The political groups allied with UNIDO were the Partido Demokratiko Pilipino–Lakas ng Bayan (PDP–Laban) represented by Senator Aquilino Pimentel, Jr., Bansang Nagkakaisa sa Diwa at Layunin (BANDILA) led by Agapito Aquino, the younger brother of Ninoy Aquino and one of the founders of the August Twenty-One Movement (ATOM).

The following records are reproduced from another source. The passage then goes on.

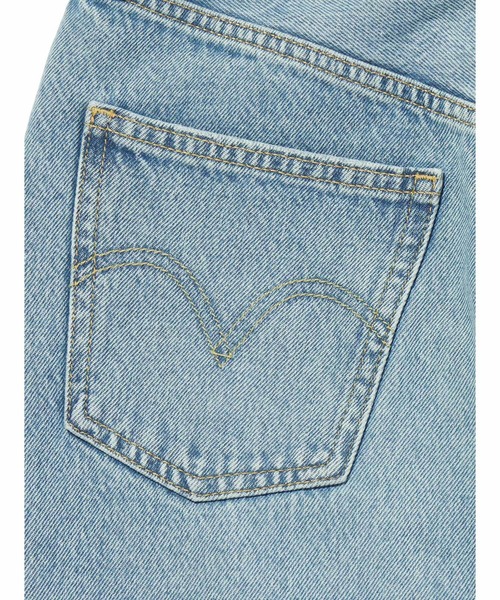 Levi's(リーバイス)の「Levi's/リーバイス バックスリット デニム スカート(デニムスカート・レディース・ブラック/ライトインディゴブルー・26inch/25inch/24inch/23inch/28inch/27inch)」の13枚目の写真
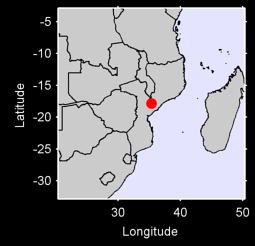 CAIA Local Context Map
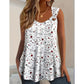 👚 50 % RABATT NÅ! 🌸 Tank-top med blomstermønster for damer – myk, pustende og ermeløs – perfekt for varme dager, strandturer eller avslappet lag-på-lag-stil ☀️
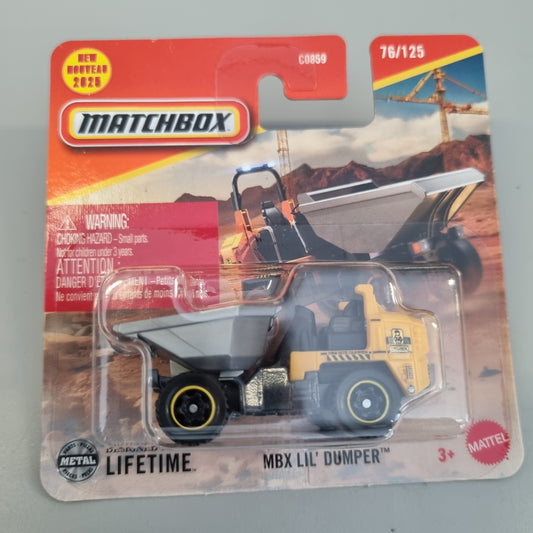 MATCHBOX : MBX LIL' DUMPER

UNIDO gained momentum in the last week of November 1985, when President Ferdinand Marcos called for a presidential election due to mounted political pressures. At first, UNIDO supported Senator Salvador Laurel of Batangas as its standard bearer, but business tycoon Chino Roces was not convinced that Laurel or Jovito Salonga could defeat Marcos in the polls. Roces argued that Corazon Aquino, the widow of assassinated Senator Aquino, should be the candidate for president. Roces initiated the Cory Aquino for President Movement (CAPM) to gather one million signatures in one week to urge Aquino to run as president, convincing Aquino to do so. Aquino was made the presidential bet of the Lakas ng Bayan party. However, Laurel did not give way to Aquino for the opposition's nomination as President until he was convinced by Cardinal Jaime Sin to run as her running-mate. Aquino had previously approached Laurel with a deal, wherein Aquino would give up her allegiance to the PDP–LABAN party and run as president under the UNIDO banner, with Laurel running for Vice President, effectively uniting the opposition groups against Marcos. Laurel had also previously offered Aquino the vice presidential nomination for UNIDO. In any case, Aquino ran for president under the UNIDO banner, with PDP–Laban endorsing UNIDO coalition.

The campaign was made in the month of January 1986, for the February election. Although she was officially reported to have lost the election to Marcos, the elections were widely believed to be fraudulent. Both Marcos and Aquino claimed to have won, and held rival inaugurations on February 25, but Marcos then fled in the face of huge popular demonstrations and the refusal of the military to intervene against them.

UNIDO was dissolved after the 1987 legislative and general elections, when new parties were formed and parties parted ways. Among the parties formed from UNIDO, the Laban ng Demokratikong Pilipino, became the dominant party of the Philippines until 1992.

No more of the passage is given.